Suppose that Copernicus, as a public service, had undertaken to manage a planetarium designed on geocentric principles. Being Copernicus, he no doubt would have done a superb job, whatever reservations he may have had about the theoretical soundness of the business.
Judge William Fletcher, when he was Professor Fletcher, brought to his field a change close to a revolution, restoring general law to the conceptual universe and demonstrating the historical and theoretical inadequacy of the unsophisticated version of the Erie doctrine that had become dominant.1 By restoring the role of general law in the ontology of American jurisprudence, he both improved our understanding of earlier thinking and opened up possibilities that had been closed to those who thought that every legal norm must be the creation of some identifiable sovereign.
For example, recovering the general law, and the status of the law of nations as the pre-eminent example of general law, makes it possible to understand the framers’ decision to constitute the Supreme Court of the United States as a tribunal to decide cases between States of the Union, without granting Congress power to adopt the rules that would be applicable in such cases. That decision made sense to lawyers who believed that the Court would apply an existing set of legal norms, well known to them. Understanding the law that governs cases between States as general law, and not the law of any one sovereign, also makes unnecessary the post-Erie move of characterizing that law as federal in order to avoid the even more unreasonable result of calling it state law. Surely a boundary dispute between Massachusetts and Rhode Island should not be governed by the law of either contending party, but just as surely the Constitution provides no applicable rule, nor does it empower any federal lawmaking authority to create one. No federal law need be found, or invented, however, if the law of nations is available as general law.
Professor Fletcher is now Judge Fletcher, and as such his role is to operate the Supreme Court’s planetarium, without regard to his private views of its accuracy in depicting the legal cosmos. Combining his scholarly past with his present role as public servant, Judge Fletcher now brings his unique insights to bear on the Supreme Court’s latest encounter with general law turned federal common law, Sosa v. Alvarez-Machain.2 In that case the new federal common law gobbled up yet another bit of the general law, the law of nations referred to in 28 U.S.C. § 1350, the descendant of the alien tort clause of Section 9 of the Judiciary Act of 1789. As Judge Fletcher explains with his characteristic lucidity, the Court’s opinion answers some questions while leaving others open.

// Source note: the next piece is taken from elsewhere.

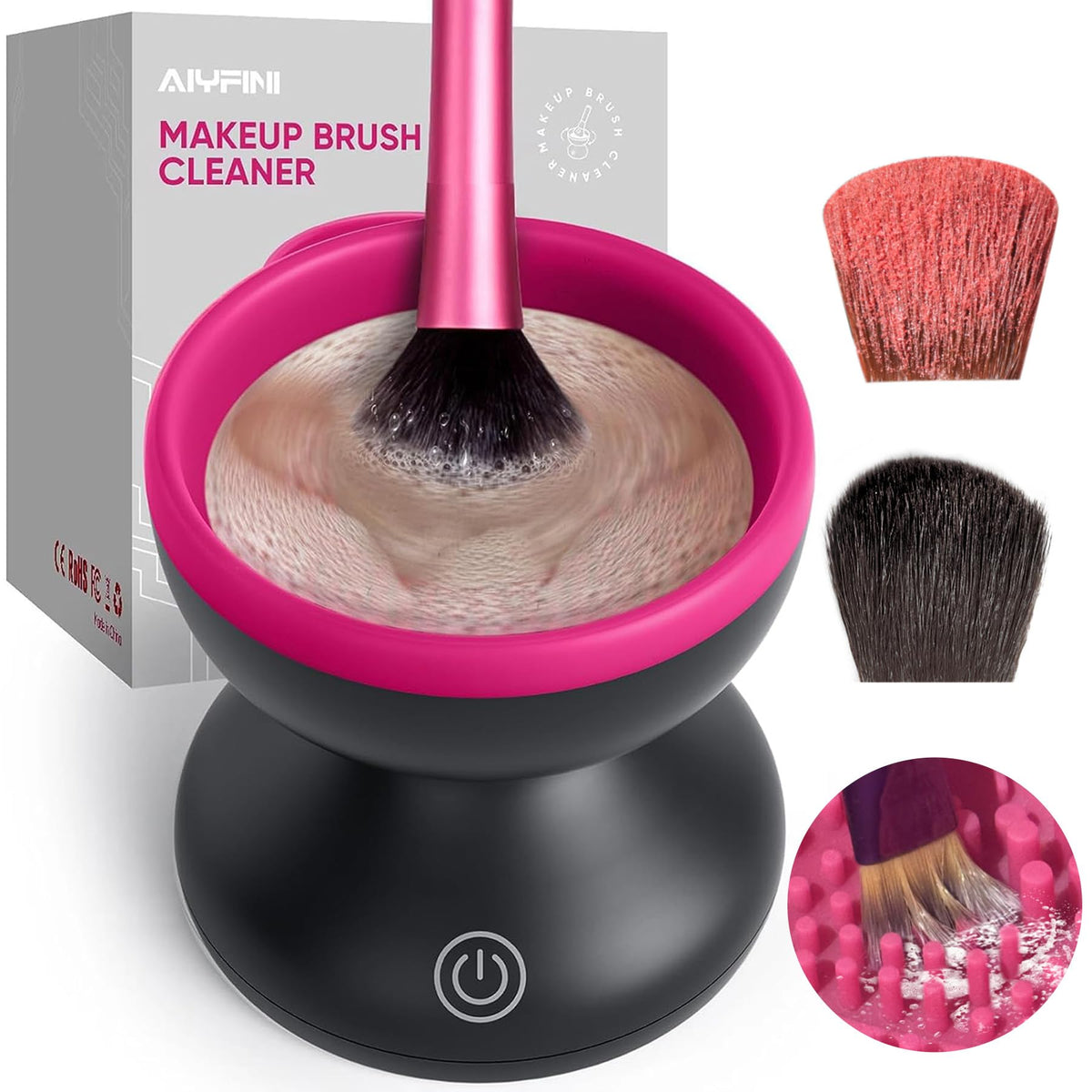 Makeup Brush Cleaner Machine, Powerful Friction Make Up Residue Remover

I will focus on one of the questions it leaves open, in an attempt to clarify the considerations that have driven the Court to conclude, in the face of text, structure, and history, that some unwritten norms are laws of the United States as that term is used in the Constitution. The question is whether this latest bit of the new federal common law, the bit that incorporates some of the law of nations, is federal law for purposes of Article VI as well as Article III. I will argue that it will have to be so regarded, and that the reasons for that conclusion help expose the complexities, not to say inanities, that follow from the Court’s decision to deny the separate existence of general law and absorb much of it into federal law.
The events that gave rise to Sosa took place in Mexico. The Supreme Court asked, in effect, whether those events were governed by the law of California or the federal law of the United States. Having asked that question, it answered federal law, which is the better of the two choices. But the correct answer was none of the above. Seizures of persons in Mexico are governed by the law of Mexico, and perhaps applicable transnational law, but not by any law of this country. How did the Court come to be asking such an absurd question?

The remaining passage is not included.